Gusty Spence was a significant figure in loyalist Belfast for most of his life. His funeral service is taking place at Saint Michael's church off the Shankill Road.
In line with Mr Spence’s wishes, his coffin was draped with the flag of the Royal Ulster Rifles, the British army regiment in which he served for six years before he joined the UVF in the 1960s.
The UVF carried out dozens of sectarian murderers and it was while he was serving a sentence in Long Kesh prison for his role in the murder of a Catholic that Mr Spence began to change his views about the use of violence.
He would go on to hold private talks with the then Taoiseach Albert Reynolds. He read the loyalist ceasefire statement in 1994 and was asked to read the UVF weapons decommissioning statement, at the age of 74, in 2007.

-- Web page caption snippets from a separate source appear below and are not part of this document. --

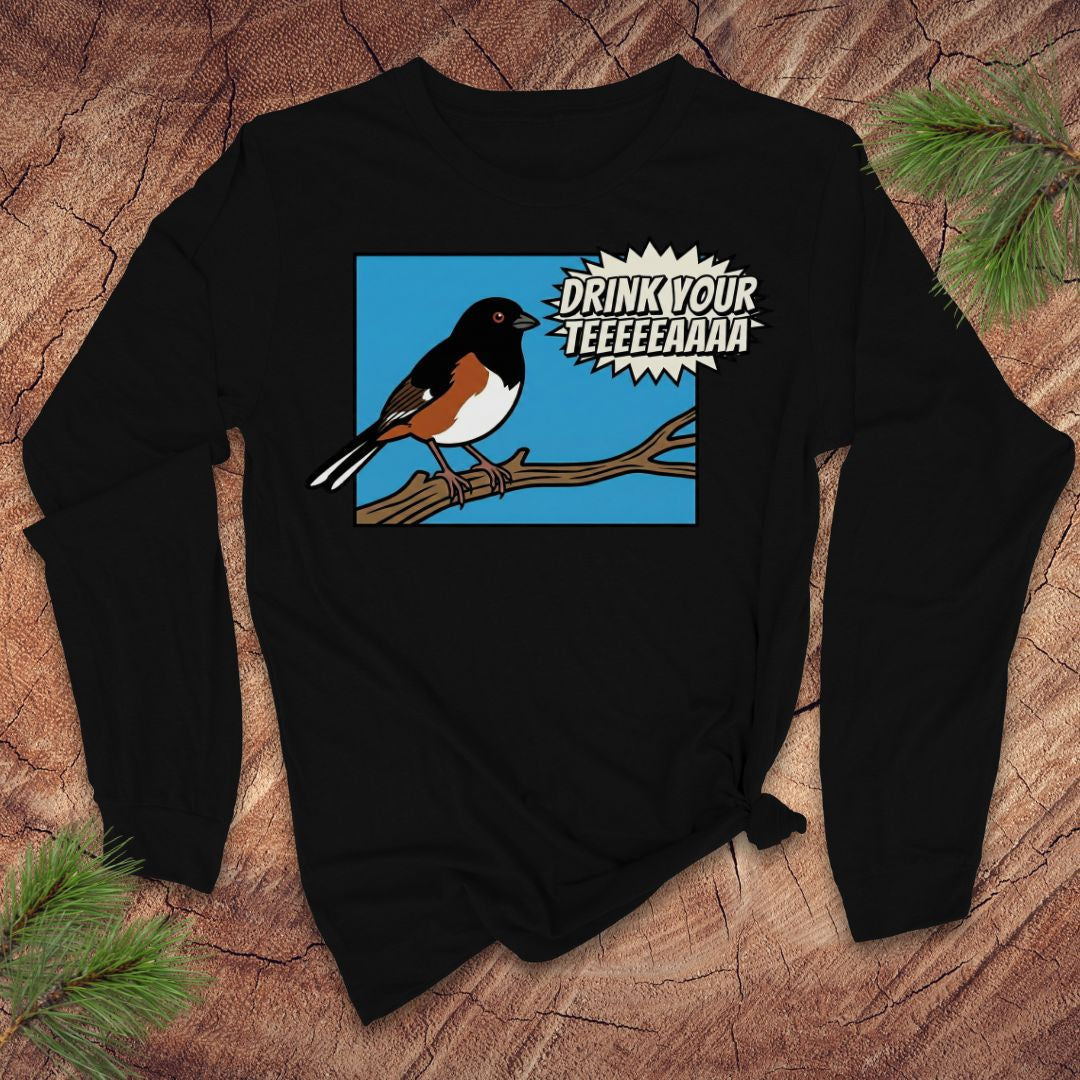 Black long-sleeve shirt with a towhee bird graphic and text, 'drink your tea' on a wooden surface.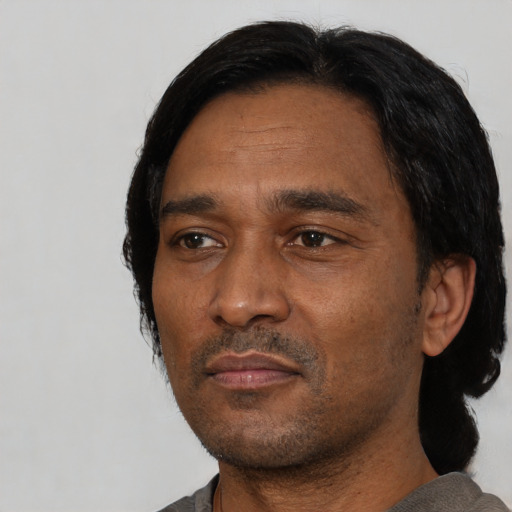 Neutral latino adult male with short  black hair and brown eyes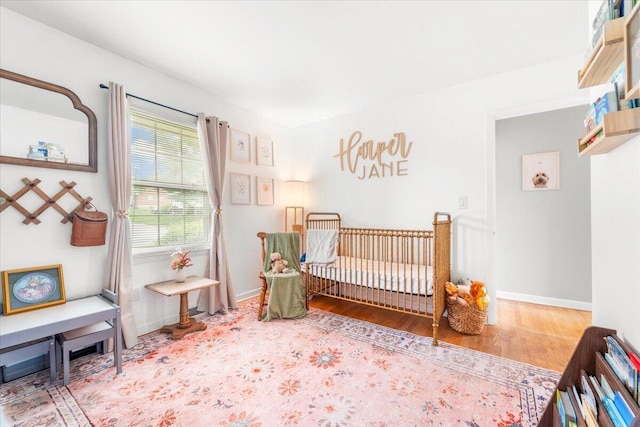 2136 Bainbridge Dr, Salem, VA 24153 - bedroom with wood finished floors, baseboards, and a nursery area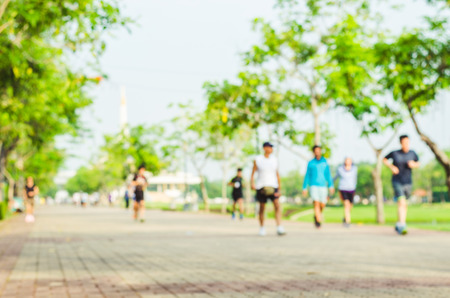 blur many people group exercise with running or jogging on the morning in the park for healthy.の写真素材
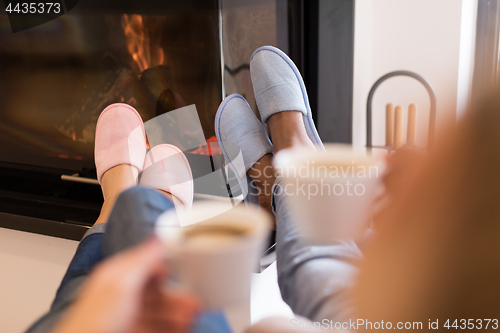 Image of Young multiethnic couple  in front of fireplace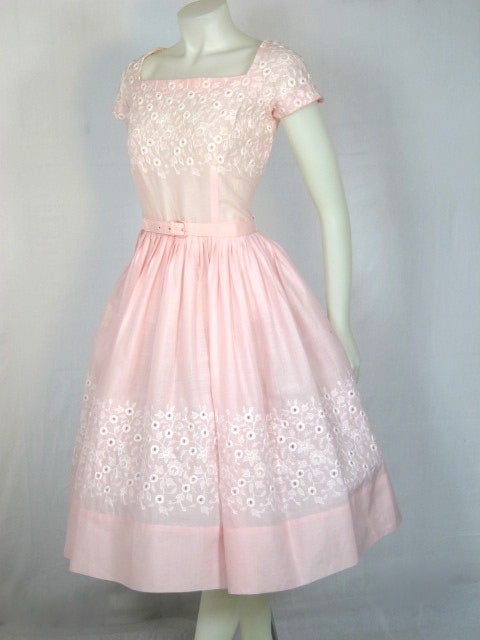 This is a very fine cotton pink dress with cap sleeves, full skirt. It has white floral embroidery and matching belt. Great resort wear dress! 
Bust:       38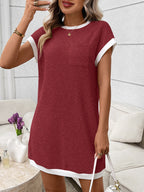 Ribbed knit mini dress with contrast trim and functional pocket, stylish and fitted by Trendsi, shown on a model.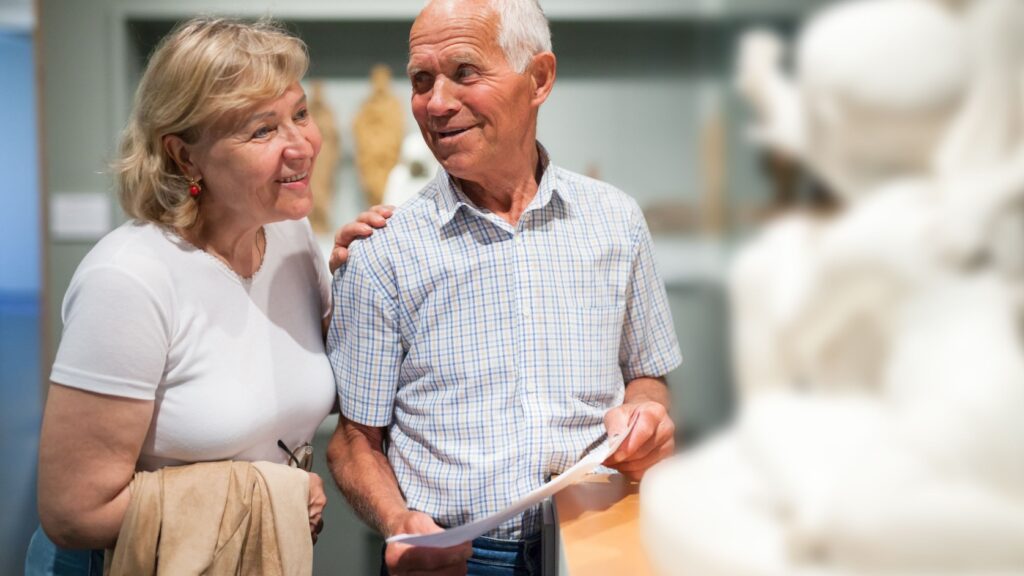 A couple looking at a statue in a museum.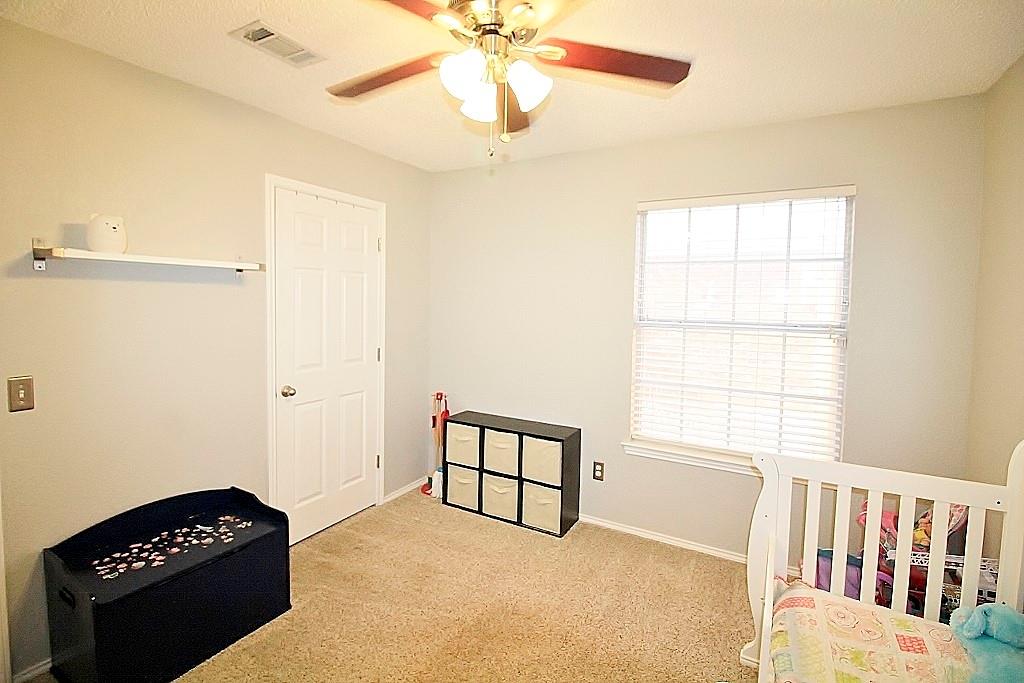 314 Pool Street Cedar Hill, TX 75104 - Photo 20 of 25 a bedroom with a bed and a window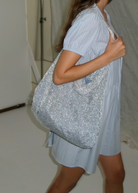 KABE SHOP INC Deiji Studios Chain Bag in metallic silver knit worn over the shoulder with a light blue dress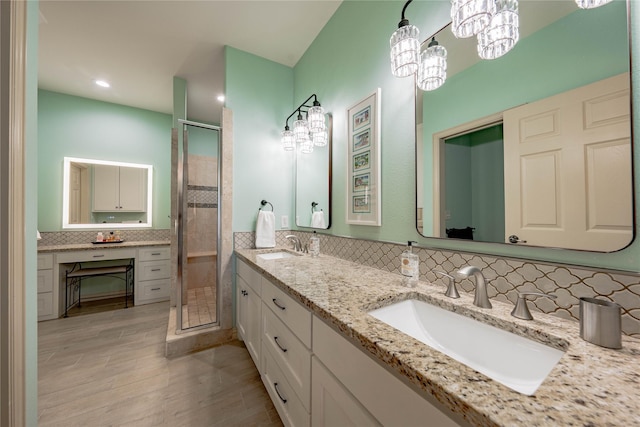 bathroom featuring an enclosed shower, vanity, decorative backsplash, a notable chandelier, and hardwood / wood-style flooring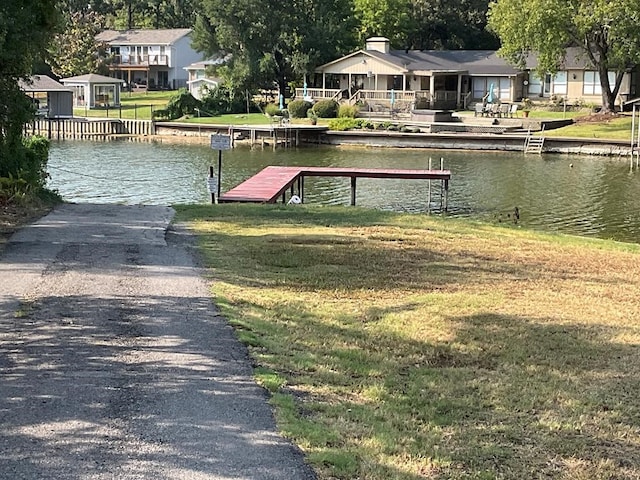 view of dock featuring a water view and a lawn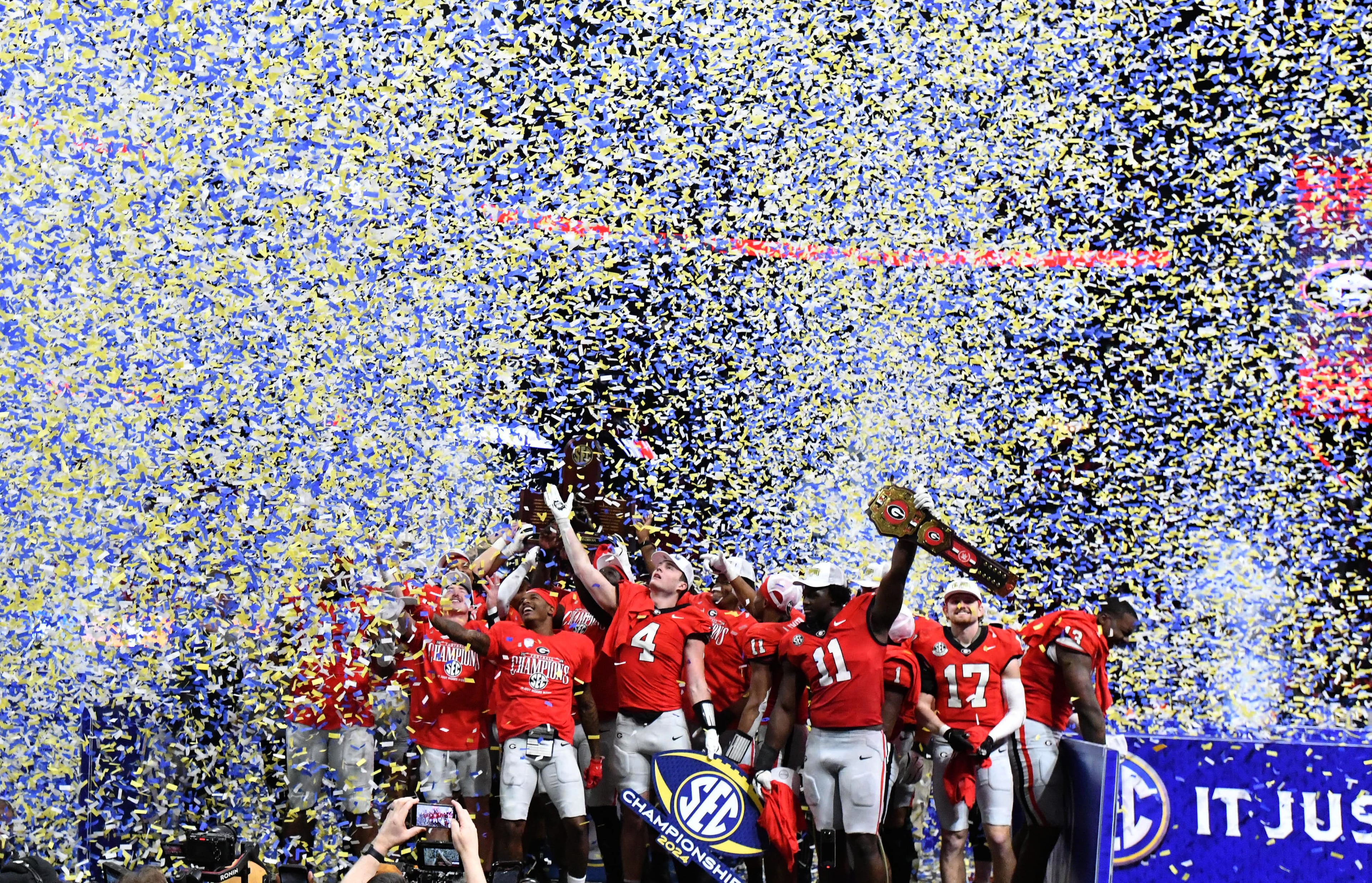 Georgia players celebrate the victory over Texas in overtime during the SEC Championship football game at the Mercedes-Benz Stadium, Saturday, December 7, 2024, in Atlanta. Georgia won 22-19 over Texas in overtime. (Hyosub Shin / AJC)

Eleven years ago he was forced out of his home on the Shankill Road by Johnny Adair's gang during one of the many loyalist paramilitary feuds.
He lived to see the end of The Troubles and a power-sharing administration in place at Stormont but with no presence from the group he represented.
Two Ulster Unionist Assembly members, Michael McGimpsey and Mike Neabitt, were among the mourners at the funeral.
Others who attended included Jeanette Irvine, the widow of the former PUP Assembly member, David Ervine, Dawn Purvis, the former PUP Assembly member who resigned from the party over the UVF's activities and the former Assembly member and former Human Rights Commissioner, Monica Mc Williams.
During the service, mourners were told there is a campaign to have overturned the conviction for which Gusty Spence served a jail sentence, the killing of 18-year-old Belfast Catholic Peter Ward in 1966.